**WHAT YOU HAVE TO DO**
Leave the images aside and copy out the whole listing, exact to the word.
Top of DATA
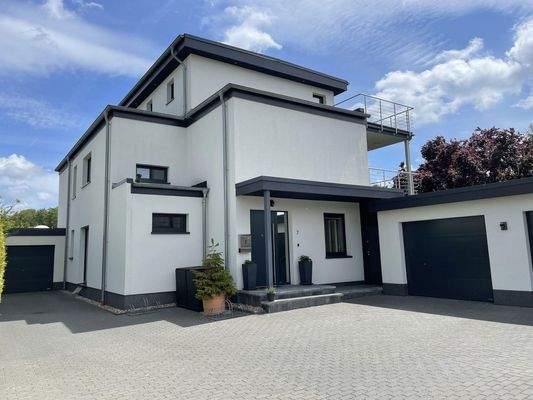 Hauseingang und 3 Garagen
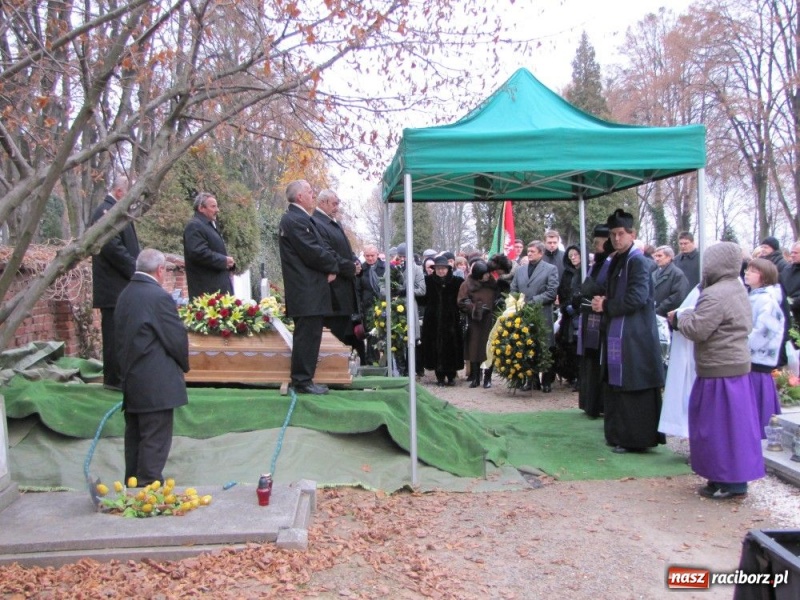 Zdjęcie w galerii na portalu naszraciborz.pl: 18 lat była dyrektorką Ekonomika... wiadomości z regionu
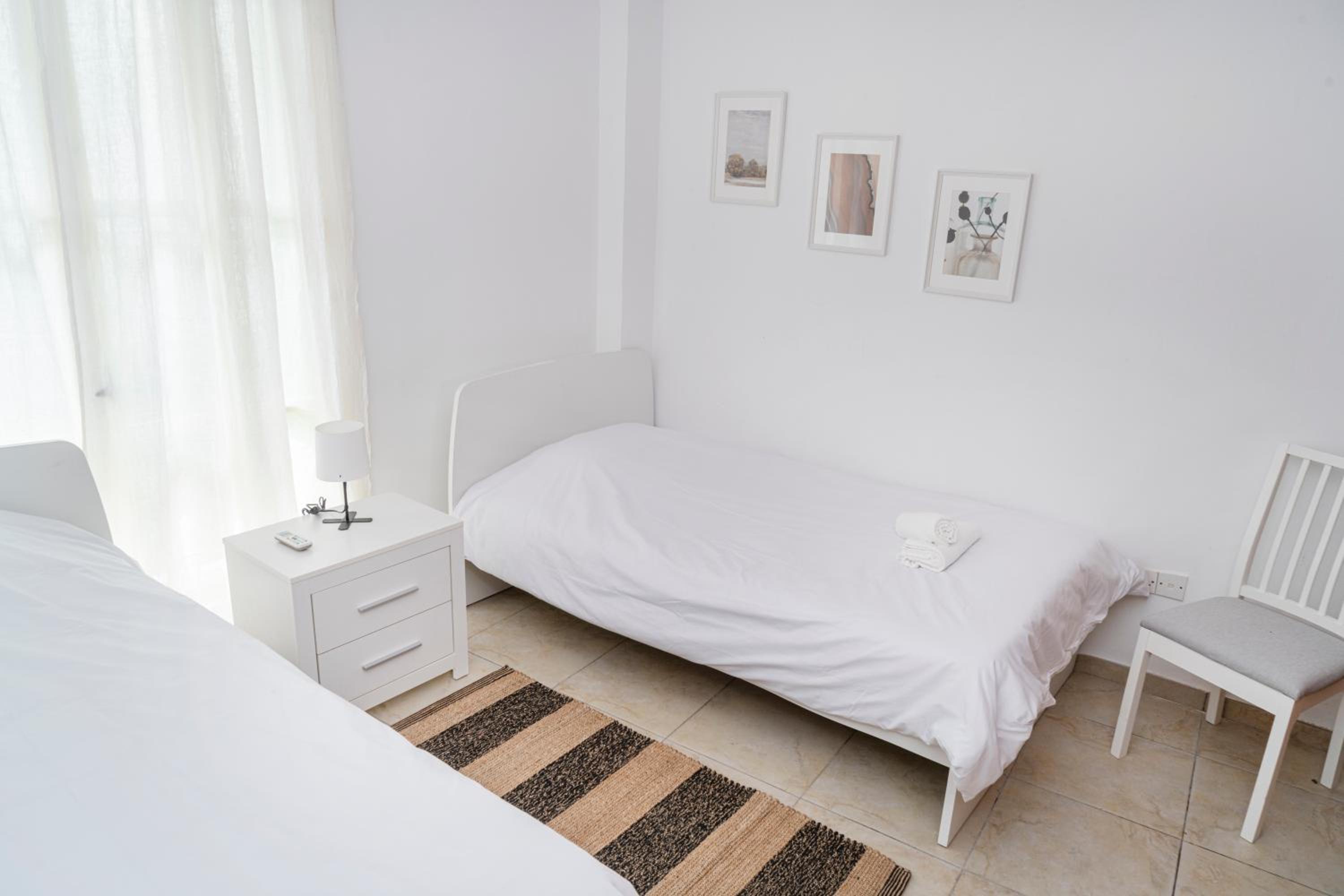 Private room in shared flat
Bottom of DATA
**SOLUTION TO THIS PROBLEM**
 Hauseingang und 3 Garagen
 Zdjęcie w galerii na portalu naszraciborz.pl: 18 lat była dyrektorką Ekonomika... wiadomości z regionu
 Private room in shared flat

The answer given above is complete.